Orientalism however, now has an almost entirely perjorative association. In large part this is due to Professor Edward Said’s famous work Orientalism (1978) in which he identifies Orientalism as “…an instrument of Western Imperialism in the form of an accepted grid for filtering through the Orient into western consciousness…”

Not suprisingly this book caused a great deal of post-colonial handwringing in University Departments of Oriental Studies, not least because anyone could see he had a point. However, it is also true that the translation of the inscriptions carved in Delhi No.1 revealed spectacular insights into the past, now available to anyone with an interest in the common history of humanity.

Forty years before these discoveries, the East India Company was at war with the French and their Indian allies, displacing much of the population of South India in the process. Tipu Sultan was the last Indian monarch to hold out in the south and unsuprisingly he did not like Christians and he especially did not like the British. He had a mechanical tiger commisioned by French craftsmen which mimed eating a British officer who makes agonised clockwork groans. Just the sight of this contraption made him laugh and when it was turned on he was said to lose control.


Despite plans and promises, Napoleon failed to come to Tipu Sultan’s aid in South India, and he was defeated by the British at the Battle of Seringapatnam in 1799, the clockwork tiger now in solitary confinement in the V&A.

Lalbagh Gardens in Bangalore, in which we are now standing, was originally laid out by Hyder Ali and further enlarged by Tipu Sultan who shared the Mughal passion for gardens with his father.

Dr Rajkumar is the current director of the Gardens and judging by the queue outside his office he has significant pastoral duties to attend to, in addition to time consuming requests like ours. It’s not hard to imagine that he is keen to get back to the research work for which the Gardens are justly famous. We wait outside the office in the January sun, located in a peaceful corner of the gardens, watching large white butterflies looping through the trees. When we are ushered in, he has my letter unfolded on his desk in front of him.
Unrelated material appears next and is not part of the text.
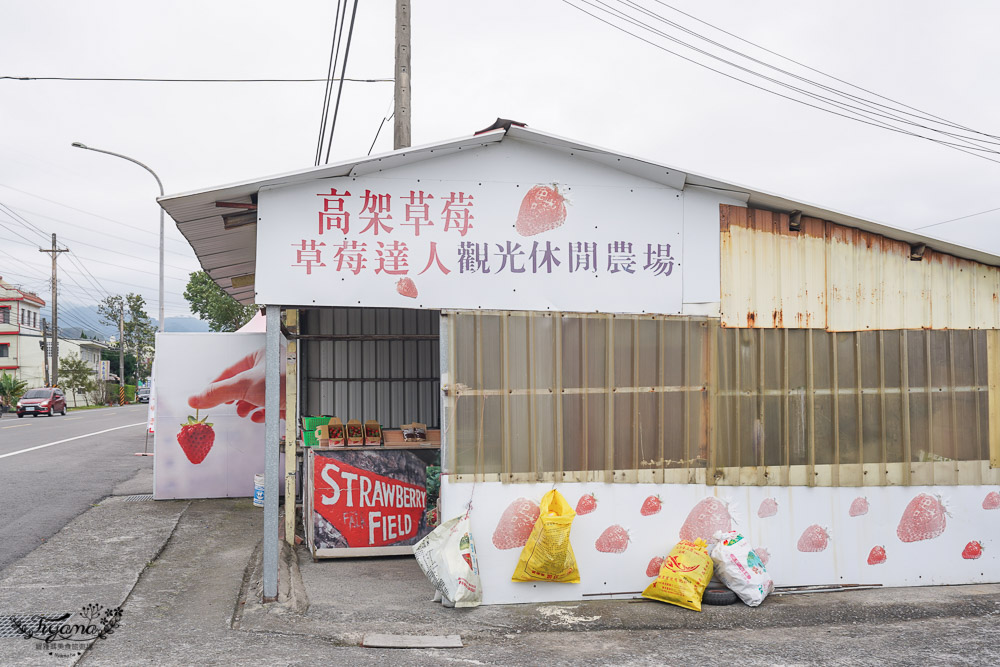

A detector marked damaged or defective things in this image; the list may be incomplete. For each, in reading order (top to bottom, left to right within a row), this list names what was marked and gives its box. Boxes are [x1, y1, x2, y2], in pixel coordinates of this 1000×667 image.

rusty metal panel [724, 202, 1000, 330]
Personally I have no objection to your doing a photoshoot here in the Gardens. However, we have no entertainments licence as such. 

Just to put you in the picture I am currently dealing with a complaint which centres on our pruning a shrub which supposedly forms the preferred nesting material for a migratory bird. This has been the basis of an ongoing campaign by local ornithologists.

So, as I’m sure you can guess, its better to go through the proper channels which will give your project a secure basis, particularly as it’s on the Mahashivaratri holiday. 

The original model for this shoot, commissioned by the V&A, was the creation of a mobile studio as a ‘day of record’ at the Asian Mela in Gunnersbury Park in West London. Its stated aim being to increase the constituency of the V&A and to encourage people to come and see the treasures that had very likely once belonged to their rulers. Given the history of photography and the uses it was put to in colonial India, academics would most likely describe our project as ‘problematic’, at best, but I am curious to see just where we stand amongst the constituencies of prejudice and oppression, in the meantime catching a glimpse of the flow of humanity passing through Bangalore during a national holiday.

The truth is, of course, that no one really cares who we are. They are seeing it as a free service, a little entertainment on a public holiday and are happy to be interviewed, happy to fill in the release forms (printed into Kanada, Hindi and English) and get a free polaroid. I get the feeling that some are happy just to be seen and have their presence noted. A few are intrigued that their likeness might be displayed in a place where they may never go. The middle classes encourage their children to take part, but the adults generally keep their distance. More surprisingly perhaps, the event attracts reporters from The Deccan Herald and The Hindu.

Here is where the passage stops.